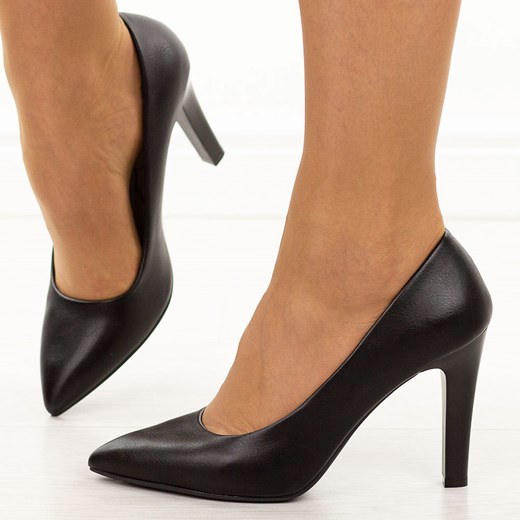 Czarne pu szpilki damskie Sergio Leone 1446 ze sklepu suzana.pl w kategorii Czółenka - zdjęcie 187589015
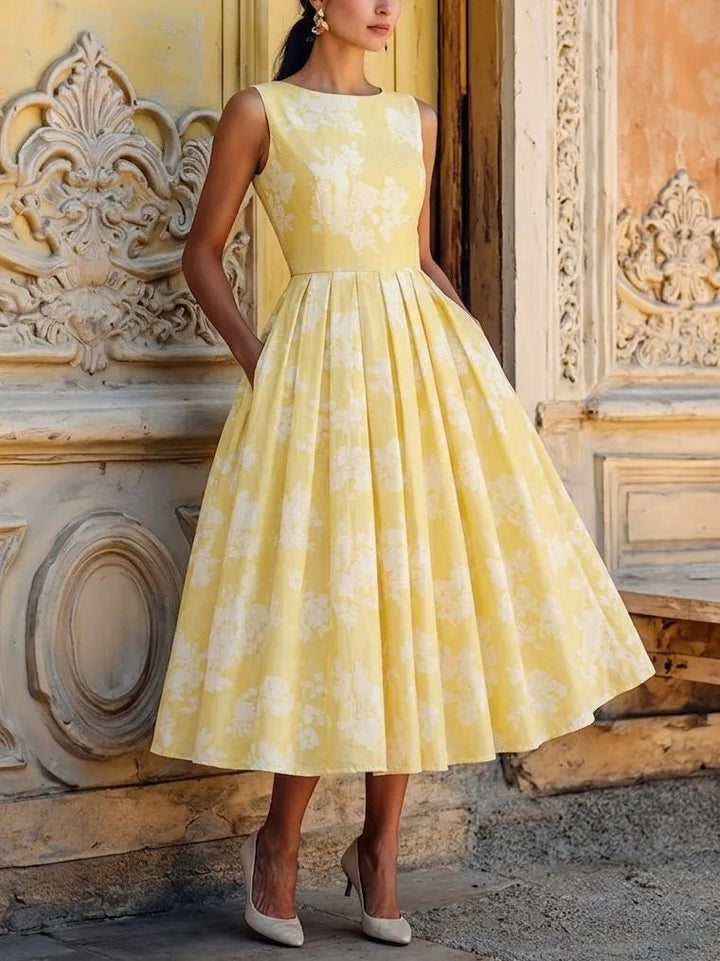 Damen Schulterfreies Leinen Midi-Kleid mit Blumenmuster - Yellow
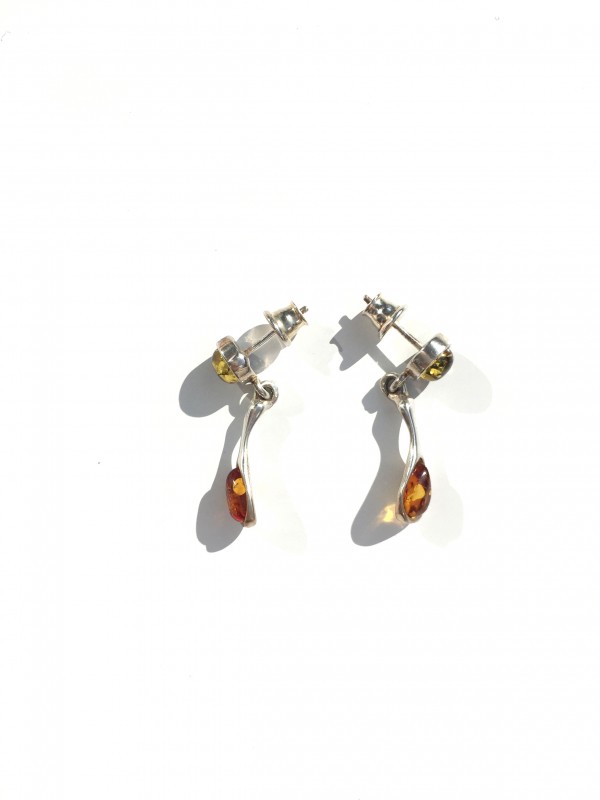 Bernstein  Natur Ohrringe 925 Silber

* * *

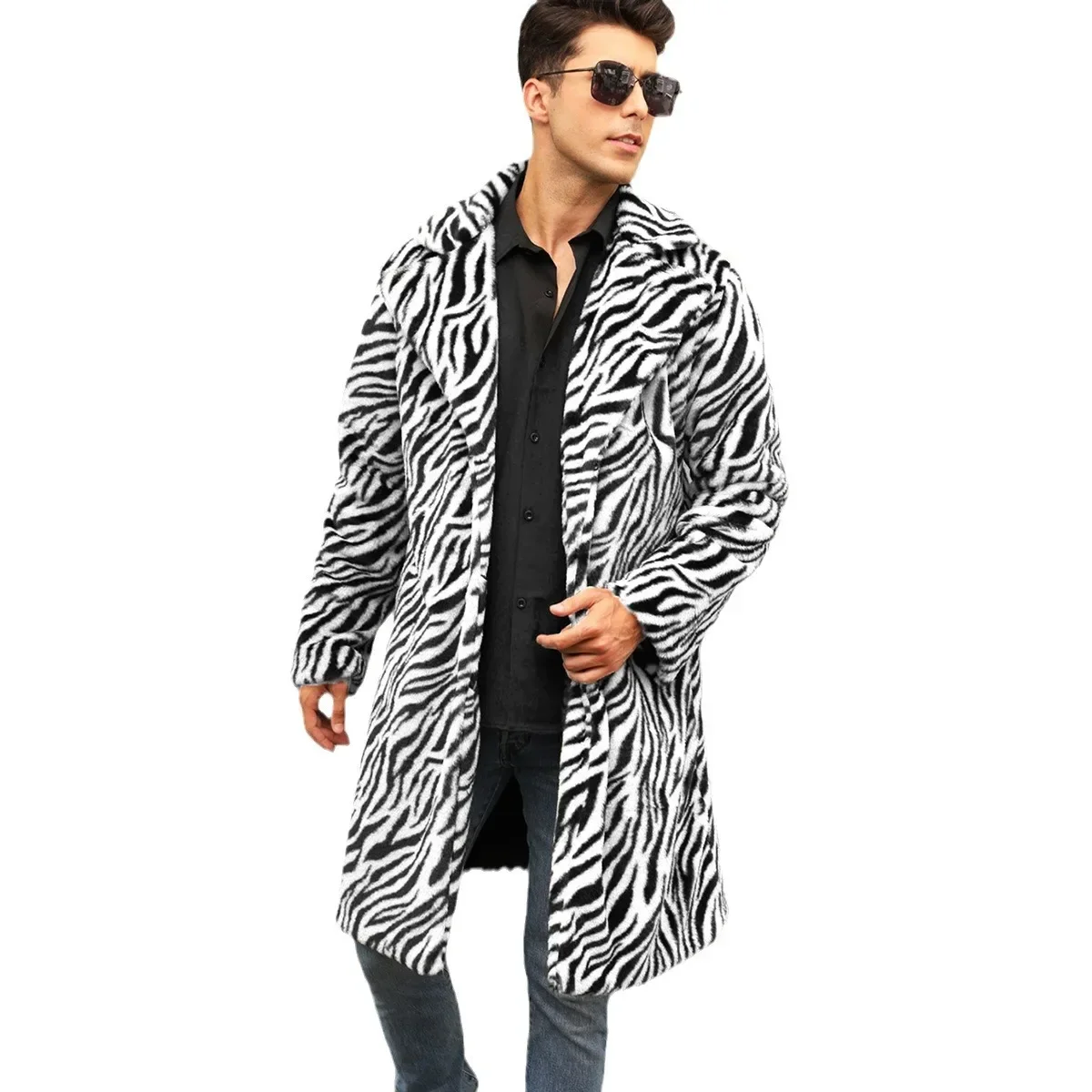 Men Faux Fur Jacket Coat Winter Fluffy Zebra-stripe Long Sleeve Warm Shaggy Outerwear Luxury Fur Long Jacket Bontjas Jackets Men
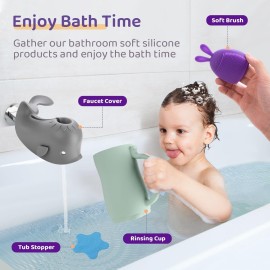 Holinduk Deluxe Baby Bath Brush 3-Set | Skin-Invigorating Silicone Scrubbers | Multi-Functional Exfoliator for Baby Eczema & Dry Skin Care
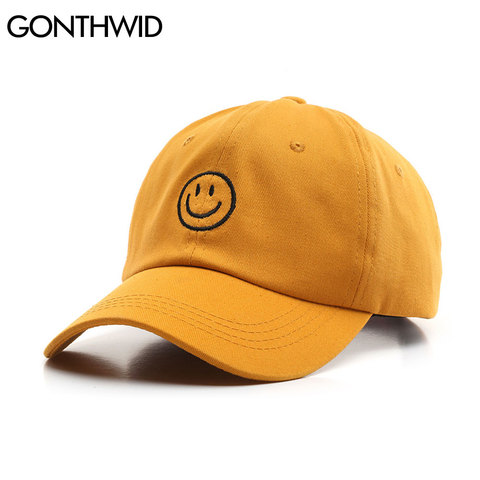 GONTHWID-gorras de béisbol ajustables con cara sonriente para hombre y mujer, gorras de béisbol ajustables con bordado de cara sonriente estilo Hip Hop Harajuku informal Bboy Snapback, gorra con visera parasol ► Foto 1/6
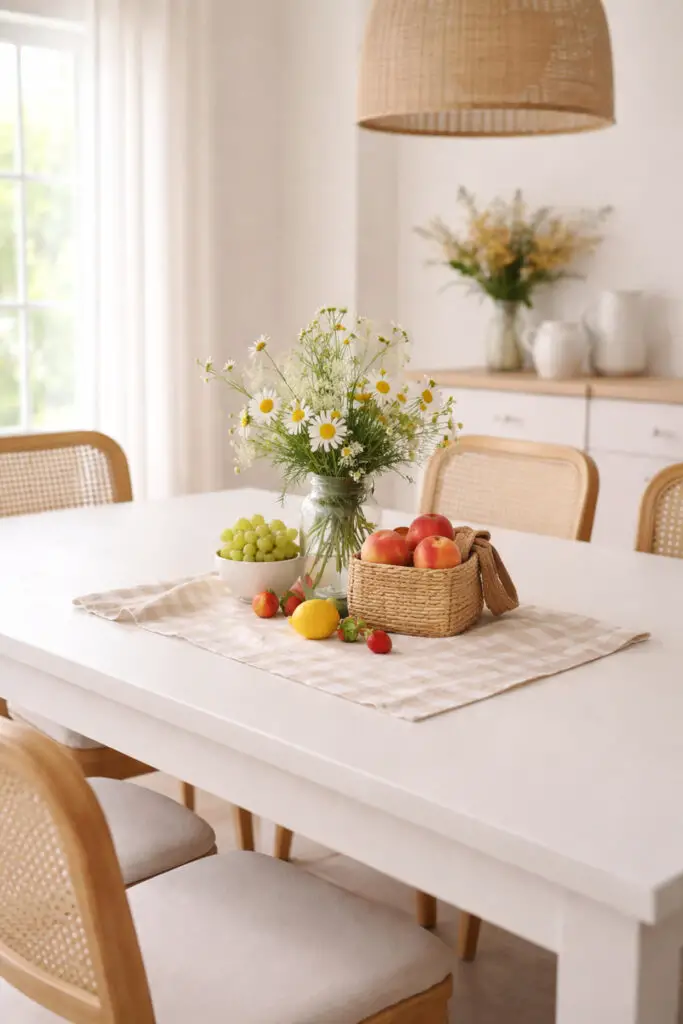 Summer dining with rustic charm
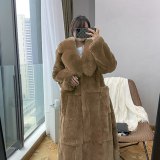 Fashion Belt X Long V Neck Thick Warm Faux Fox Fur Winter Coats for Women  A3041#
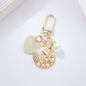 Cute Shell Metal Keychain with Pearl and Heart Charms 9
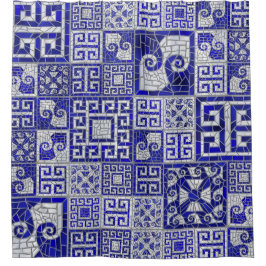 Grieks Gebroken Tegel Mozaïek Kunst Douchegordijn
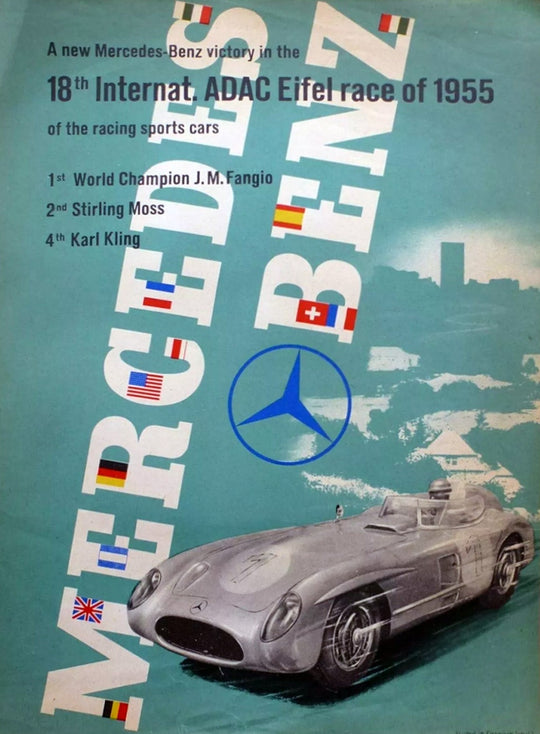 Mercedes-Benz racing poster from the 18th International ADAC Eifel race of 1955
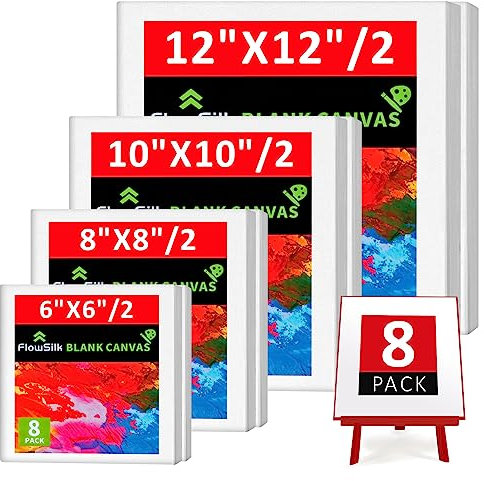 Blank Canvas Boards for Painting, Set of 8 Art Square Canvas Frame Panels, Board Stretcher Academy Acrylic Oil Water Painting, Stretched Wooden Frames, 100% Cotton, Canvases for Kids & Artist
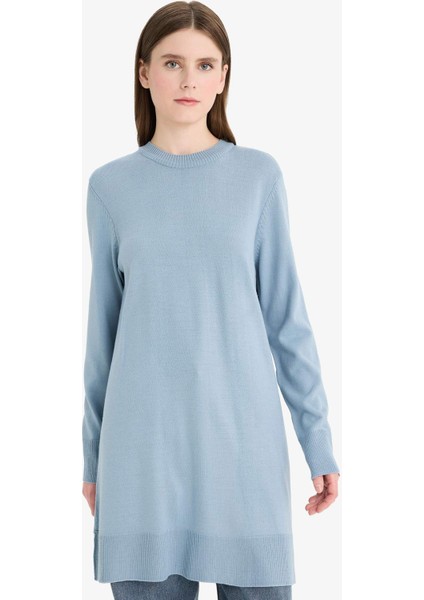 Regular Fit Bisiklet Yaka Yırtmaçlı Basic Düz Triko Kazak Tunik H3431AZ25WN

What you should do - What should come back is an exact copy of the lines above from the line with "Fashion Belt X" to the line with "Regular Fit Bisiklet", both included, minus the pictures.

Task answer -
 Fashion Belt X Long V Neck Thick Warm Faux Fox Fur Winter Coats for Women  A3041#
 Cute Shell Metal Keychain with Pearl and Heart Charms 9
 Grieks Gebroken Tegel Mozaïek Kunst Douchegordijn
 Mercedes-Benz racing poster from the 18th International ADAC Eifel race of 1955
 Blank Canvas Boards for Painting, Set of 8 Art Square Canvas Frame Panels, Board Stretcher Academy Acrylic Oil Water Painting, Stretched Wooden Frames, 100% Cotton, Canvases for Kids & Artist
 Regular Fit Bisiklet Yaka Yırtmaçlı Basic Düz Triko Kazak Tunik H3431AZ25WN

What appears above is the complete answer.